Ways to online inference streaming ASR

Hi @nateanl,

For online streaming ASR inference, I found two ways,

  1. Here list a tutorial, I wonder whether it is only designed for CPU? (Because I find this page is only available for v0.12.0dev+cpu) And is there any plan to extend it to GPU inference?

  2. v0.11.0/examples/asr/librispeech_emformer_rnnt/pipeline_demo.py provides a demo for online inference, which is a feature of v0.11.0 but is removed from branch main. I wonder whether it is stable and can reproduce the results as shown in the mov of Revise RNN-T pipeline streaming decoding logic by hwangjeff · Pull Request #2192 · pytorch/audio · GitHub?

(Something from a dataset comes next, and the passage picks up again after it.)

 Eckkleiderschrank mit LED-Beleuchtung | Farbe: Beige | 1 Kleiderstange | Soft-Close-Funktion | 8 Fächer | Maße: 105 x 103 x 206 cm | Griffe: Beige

Further, is there any other ways to implement online ASR with GPU?

Waiting for your reply, sincerely.

Hi @Rachel_Zhang

  1. It can be easily adapted to work on GPU. Moving the decoder to GPU
decoder = bundle.get_decoder().to(device="cuda")

and moving the features and length tensors in the inference loop to GPU

features = features.to(device="cuda")
length = length.to(device="cuda")

should suffice.

  1. That demo script still exists; it has just been moved to audio/pipeline_demo.py at main · pytorch/audio · GitHub.
1 Like

Thank you very much. @hwangjeff